Bundan asırlarca önce bugün Robinson Crusoe ilk baskısıyla okurlarla buluştu. Bir çocuk kitabı gibi okunabilirliği, içinde taşıdığı mesajları zaman zaman gizlemiş olsa da Robinson’un öyküsü, hemen her tür okura ulaşabilmesi anlamında kayda değerdi. Aslında yazarı Daniel Defoe’nun özellikle Cuma’sını takip ederek 18. yüzyıldaki İngiliz toplumunu ve kendine benzemeyen bu ‘insanı’ nasıl ‘eğittiğini’ görmek açısından da çok kıymetli bir kitaptı Robinson Crusoe.
20. yüzyılda ünlü Fransız yazar Michel Tournier, Robinson Crusoe’u tümden başaşağı çevirerek modernizmin yalnız insanını ve bu yalnızlık içerisindeki hâlini gözler önüne serdi (Cuma ya da Pasifik Arafı adlı kitaba bir ara bakın derim). Elbette Cuma’nın konumu da değişmişti. 18. yüzyıldaki efendisi Robinson Crusoe’la bu efendi arasında dağlar kadar fark vardı. Dahası Cuma’nın kendisi de değişmişti. Dile kolay 200 yıl boyunca kendisine ne söylendiyse yapmış ve ‘medeniyeti’ öğrenmişti! Gelin görün ki 20. yüzyılın asap bozan yanı gerçeğin kaygan anlamı karşısında Robinson kadar onu da eğretileştirmişti. Bilen ama yalnız bir çift, tuhaf bir ‘efendiyle kölesi’ efsanesiydiler artık. Üstelik Cuma’ya tam manasıyla köle de denemezdi, siyasi doğruluk adına başka başka isimlerle anılıyordu. Tournier’nin kitabı, Robinson’un hazin sonunu aktarırken Cuma’nın yaşama direnişinin seri üretime nasıl dönüştürülebileceğinin ve bu dönüşümün sermayeye nasıl katılabileceğinin de ipuçlarını taşıyordu.
Sakin hoyratlık
Robinson’u düşünürken zihnim beni yine İngiliz edebiyatının görkemine götürdü elbette. Sonrasında ise fuarı hatırladım! Geçen hafta Londra Kitap Fuarı’nın standları arasında dolanırken bizim TÜYAP’ta (ve TÜYAP’ın illere yayılmış kitap fuarlarında) şimdilik hissetmediğim bir duyguya kapıldım. Her şey çok ama çok sakindi. Ortalıkta kitap alma telaşı içinde olan kimse yoktu. Yayınevlerinin ferah masalarında yazarlarla sözleşmeler yapılıyor, uğultu adına en ufak bir işaret ortada dolaşmıyordu. Kısacası 21. yüzyılın kitapla kurduğu ilişki de, diğer birçok ilişkide olduğu gibi pazar ilişkisinin gözle görülebilen ‘sakin, makul, anlaşılabilir, hoş ve olabildiğince yüzeysel’ yanını temsil ediyordu.

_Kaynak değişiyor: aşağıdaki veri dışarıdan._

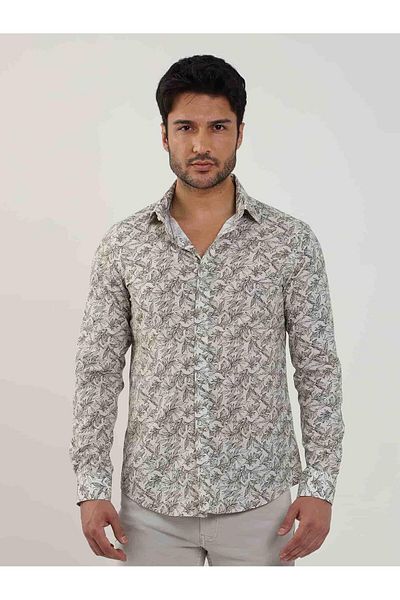 Dufy Khaki Men's Shirt - Leaf Pattern, Slim Fit, Brent Collar, Long Sleeve - 81579
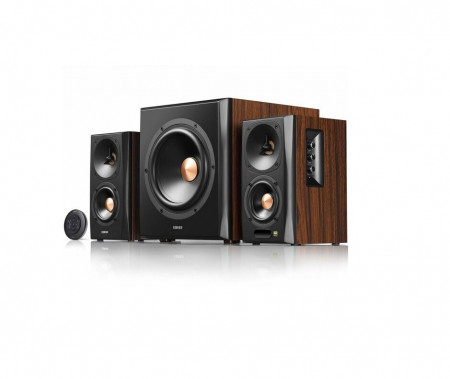 Boxe Edifier 2.1 155W S360DB, bluetooth, telecomanda, Carcasa lemn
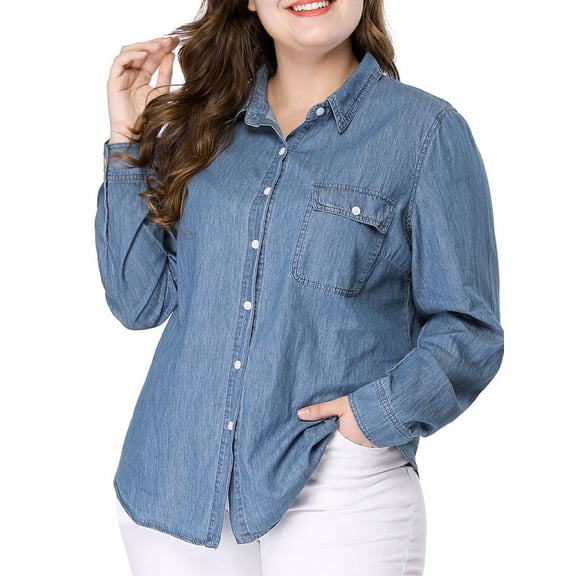 Agnes Orinda Women's Plus Size Long Sleeve Point Collar Denim Casual Shirt 1X Blue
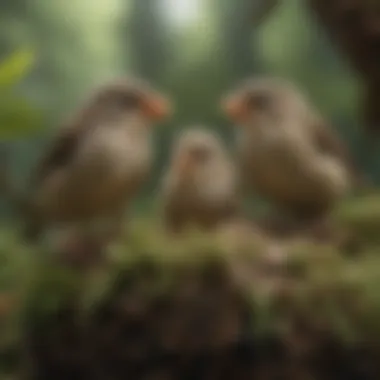Natural Habitat of Finch Nestlings A lush habitat showcasing the natural environment of finch nestlings.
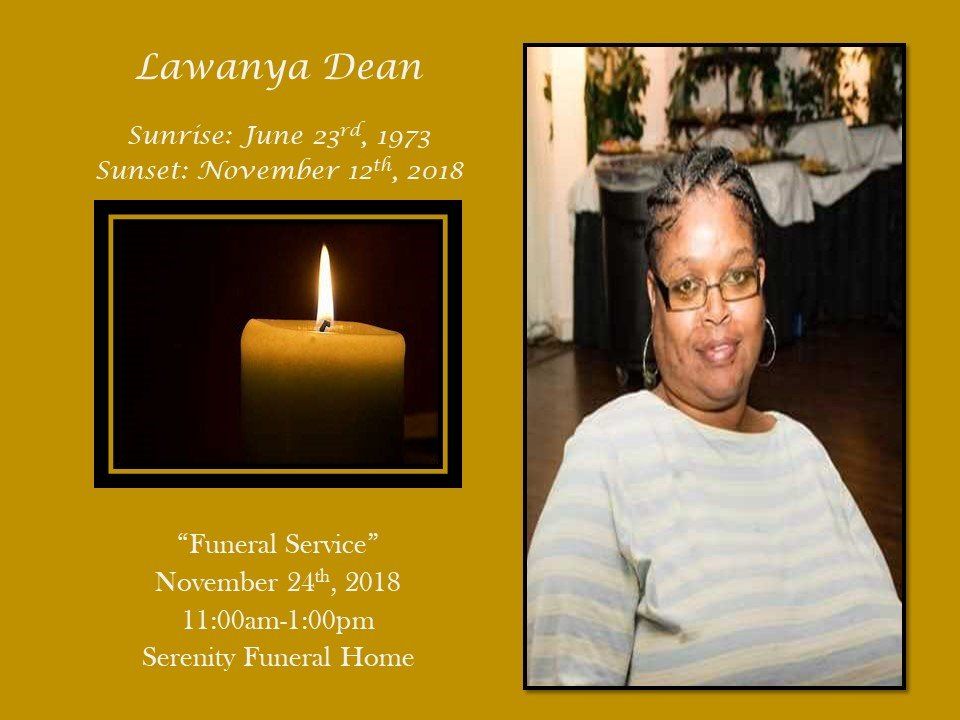Memorial card for Lawanya Dean with candle, portrait, and funeral service details.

Dahası bu ilginç pazarın içine girebilmek için İngiliz vb. yayıncıların yurt dışında baktıkları en temel özelliğin kitabın edebi yanından çok kendi ülkesinde ‘ne kadar sattığı’ olduğunu hatırlayınca da biraz hüzünlendim. 21. yüzyıl Robinson’unun ve elbette Cuma’sının, adalarını çoktan terk etmiş, o ya da bu şekilde paraya endeksli karasal iklimli yaşamlarını düşündüm. Böylesi bir ‘sakin’ hoyratlığı devreye sokabilmek için ‘anlamı’ nasıl bu kadar dışarda bırakmış olduklarını, dahası bunu ‘anlamak’ için bile para dökmek gerektiğini mırıldanıp durdum kendi kendime.